::: Available data

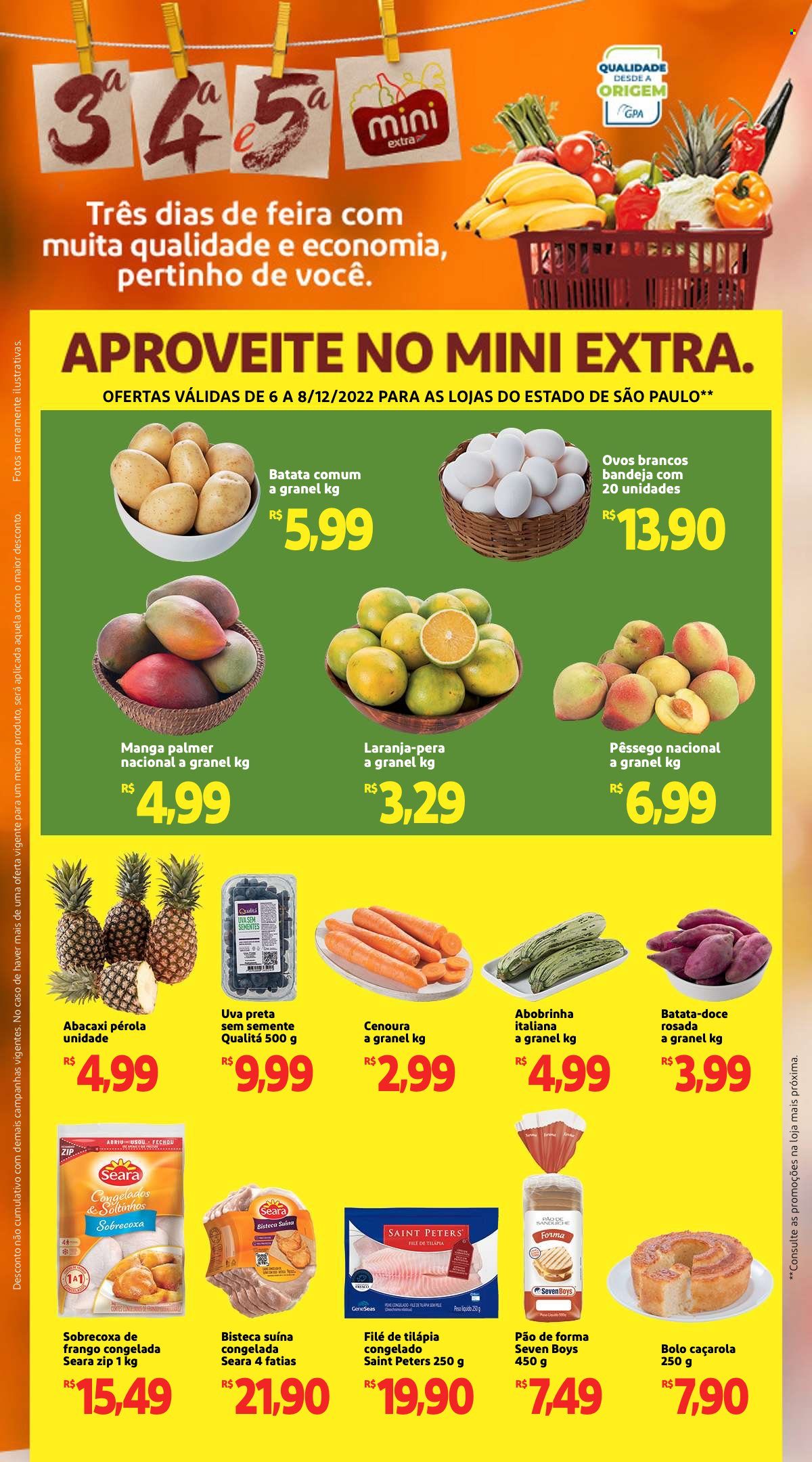 Folheto Mini Extra - 06/12/2022 - 08/12/2022. Página 1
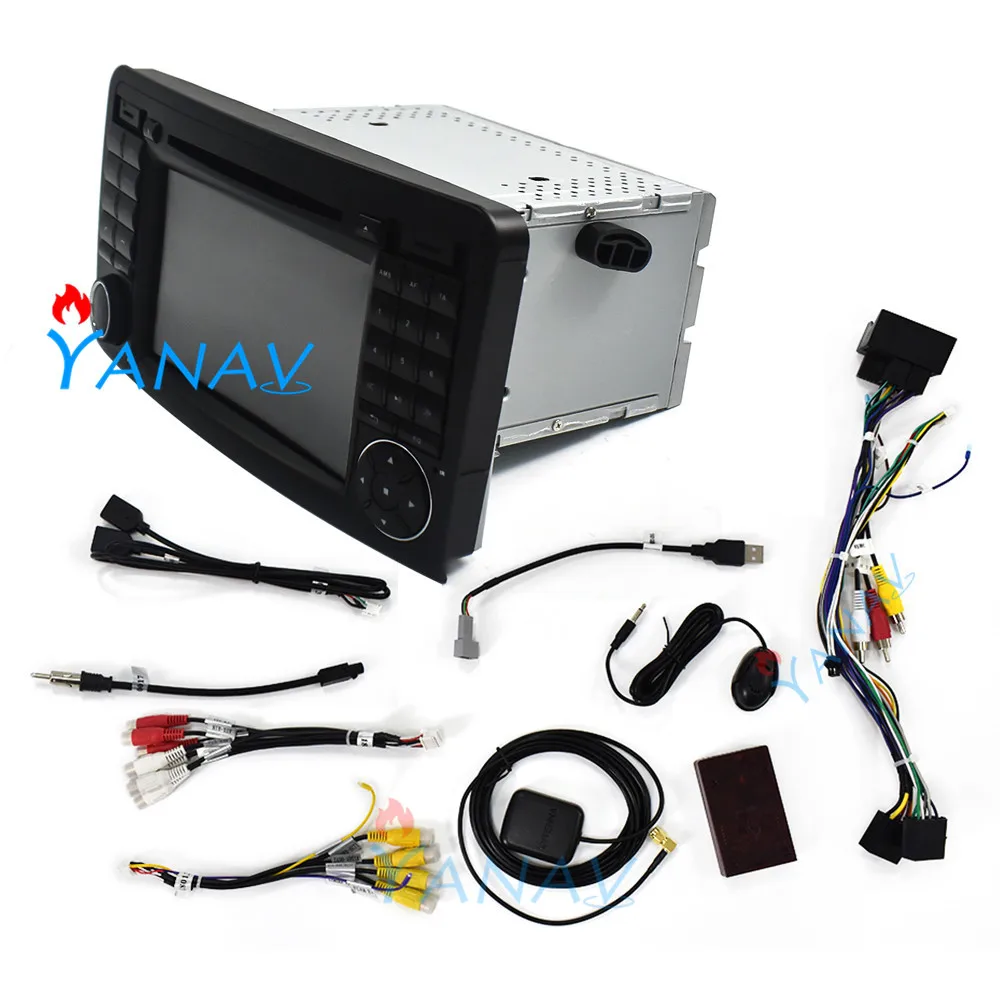 

2 Din android car radio stereo receiver for-Benz ML W164 X164 ML350 ML300 GL500 ML320 ML280 GL350 GPS navigation MP3 player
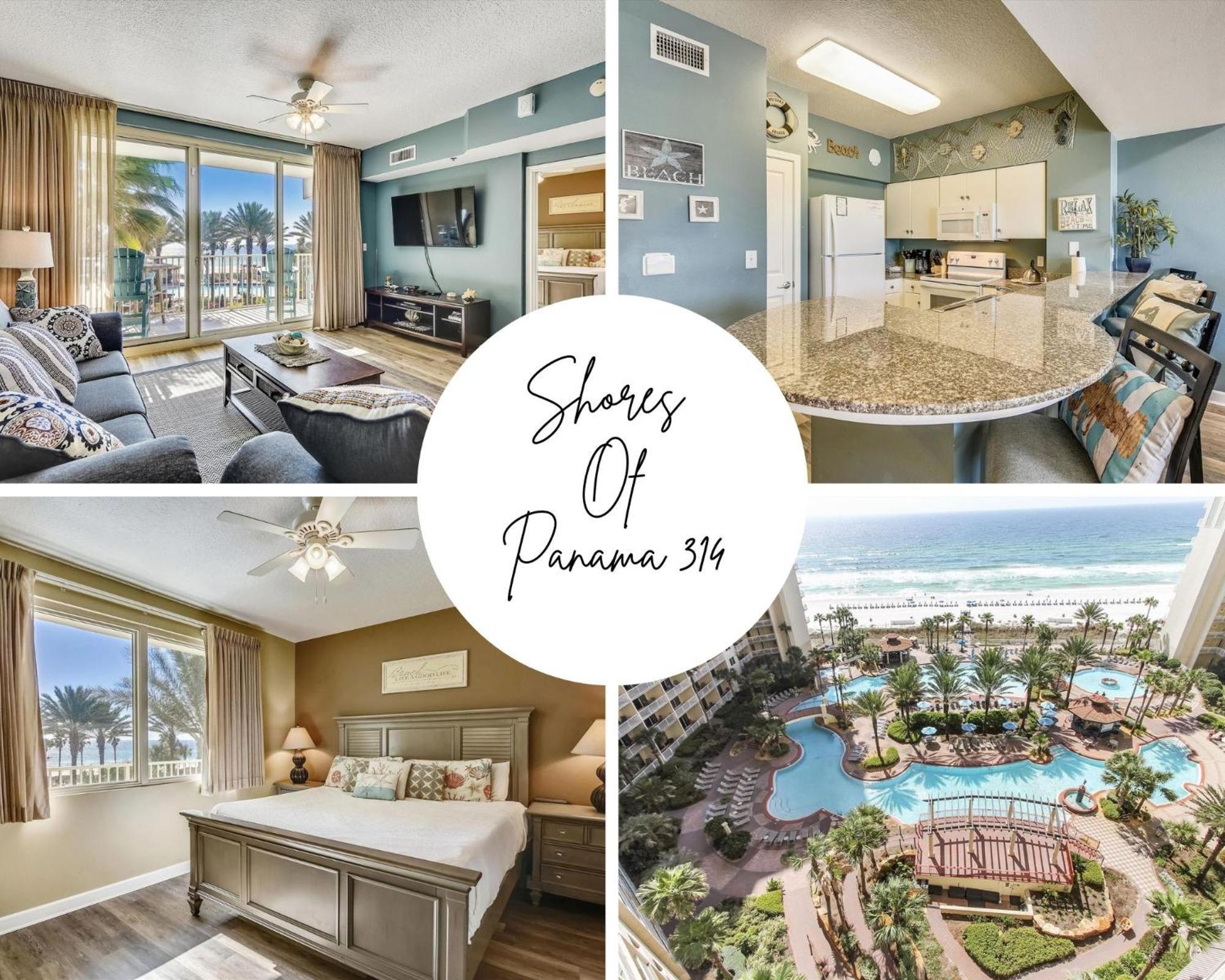 Shores Of Panama 314 - 1 Bdbunks, Sleeps 6, Same Level Parking, Free Fun! * Panama City Beach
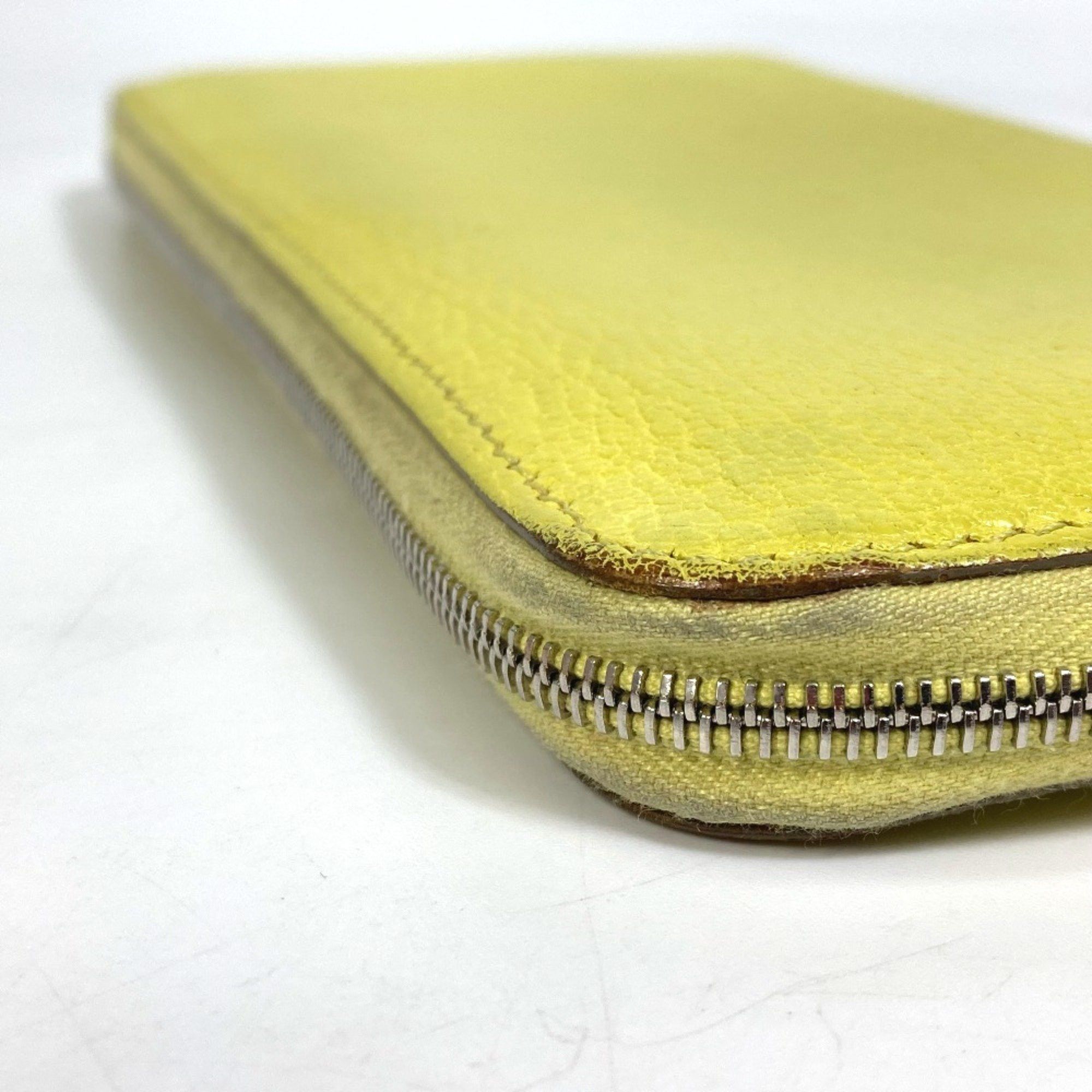 Hermes Hermes Long wallet Zip Around Long Wallet yellow Size ONE SIZE - 5 Thumbnail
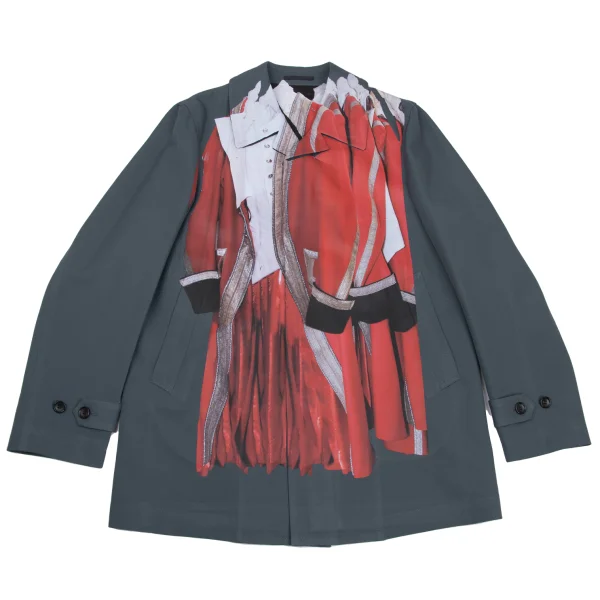 COMME des GARCONS HOMME PLUS Transfer Print Short Coat Grey,Blue L K-169473_001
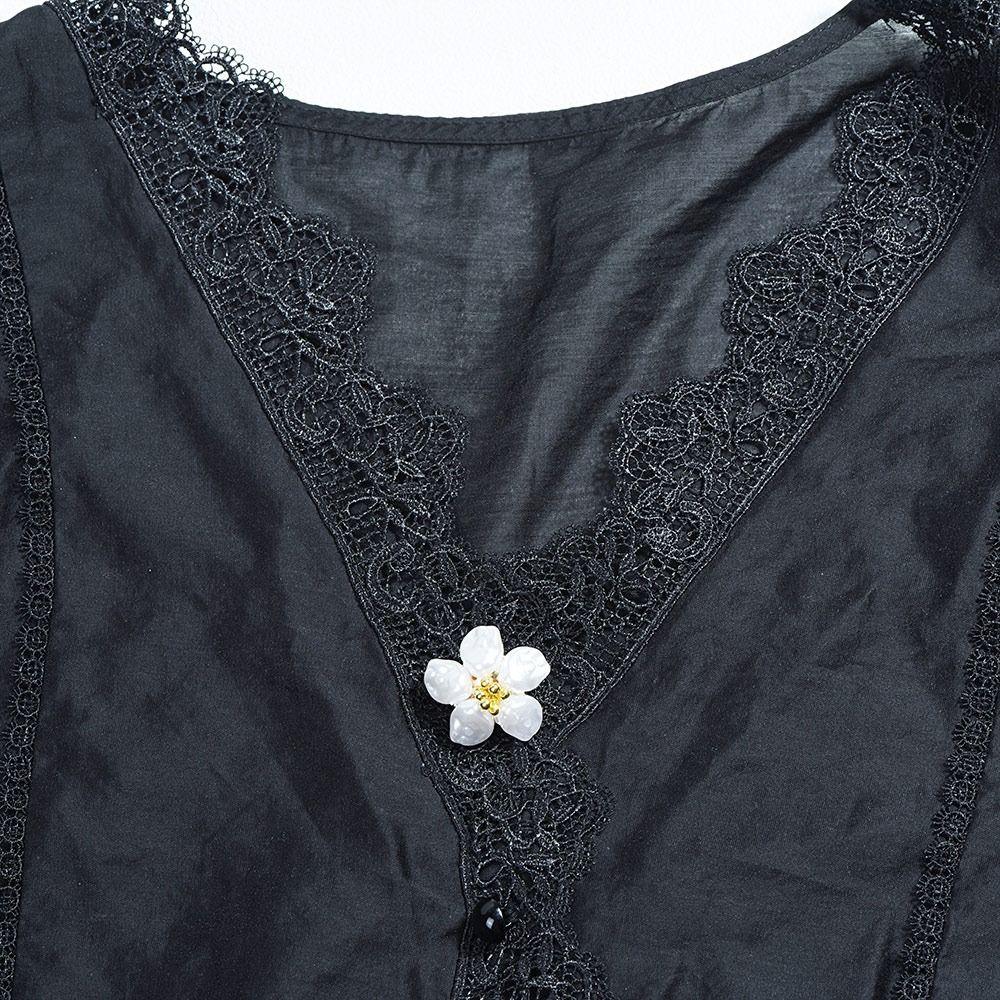 DIY Accessories Rhinestone Button Cover Alloy Flower Cufflinksble for Shirt Dress Decoration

::::::

■ Your goal
The records above need to be reproduced exactly, with all images omitted.

■ Result of this task
 Folheto Mini Extra - 06/12/2022 - 08/12/2022. Página 1

2 Din android car radio stereo receiver for-Benz ML W164 X164 ML350 ML300 GL500 ML320 ML280 GL350 GPS navigation MP3 player
 Shores Of Panama 314 - 1 Bdbunks, Sleeps 6, Same Level Parking, Free Fun! * Panama City Beach
 Hermes Hermes Long wallet Zip Around Long Wallet yellow Size ONE SIZE - 5 Thumbnail
 COMME des GARCONS HOMME PLUS Transfer Print Short Coat Grey,Blue L K-169473_001
 DIY Accessories Rhinestone Button Cover Alloy Flower Cufflinksble for Shirt Dress Decoration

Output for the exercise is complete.